:: DIRECTIONS FOR THIS TASK ::
A faithful copy of the data is the goal; set it down exactly, without the images.

Collection entries
"""

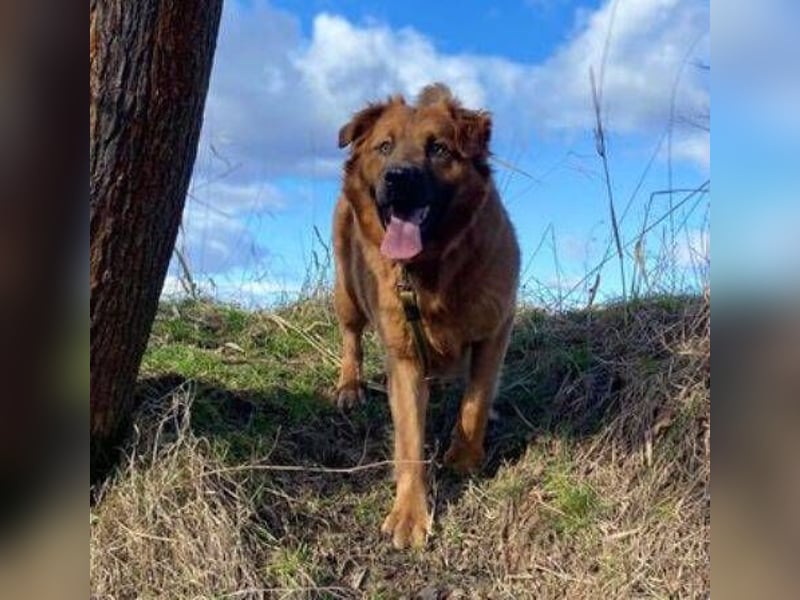 COLIN verspielter Hundejunge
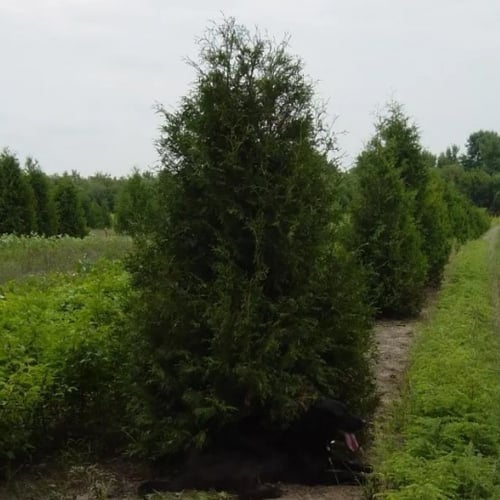 بذور شجرة الثويا الغربية ( Thuja occidentalis )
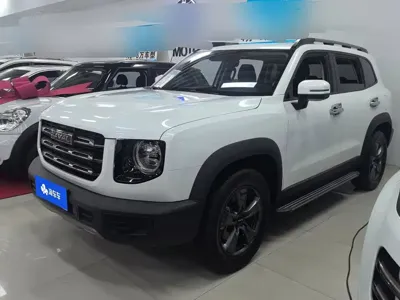 Haval Big Dog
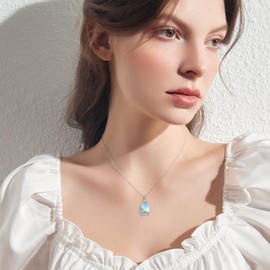 YAFEINI Dog Ashes Necklace Sterling Silver Rainbow Bridge Dog Urn Necklace for Ashes Rainbow Bridge Pet Cremation Jewelry for Women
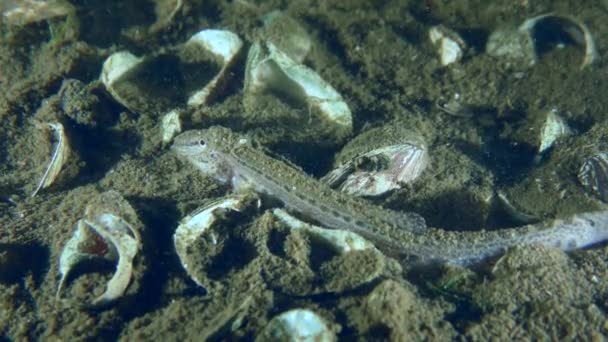 Spined Loach a folyó fenekén. — Stock videók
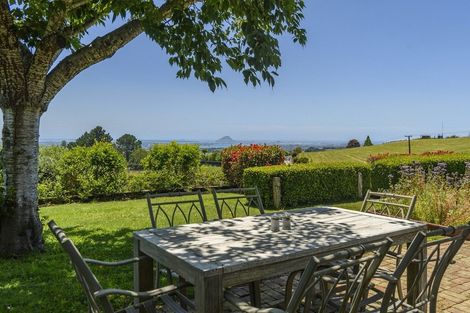 Photo of property in 576 Upper Ohauiti Road, Ohauiti, Tauranga, 3173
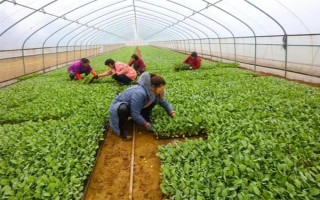 夏季蔬菜育苗要注意什么，及時(shí)分苗間苗可讓秧苗更粗壯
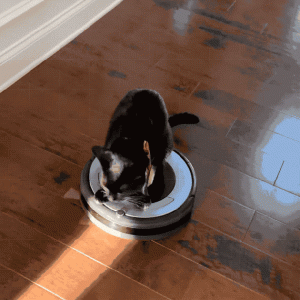 cat-vac3.gif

"""

:: TASK RESPONSE ::
 COLIN verspielter Hundejunge
 بذور شجرة الثويا الغربية ( Thuja occidentalis )
 Haval Big Dog
 YAFEINI Dog Ashes Necklace Sterling Silver Rainbow Bridge Dog Urn Necklace for Ashes Rainbow Bridge Pet Cremation Jewelry for Women
 Spined Loach a folyó fenekén. — Stock videók
 Photo of property in 576 Upper Ohauiti Road, Ohauiti, Tauranga, 3173
 夏季蔬菜育苗要注意什么，及時(shí)分苗間苗可讓秧苗更粗壯
 cat-vac3.gif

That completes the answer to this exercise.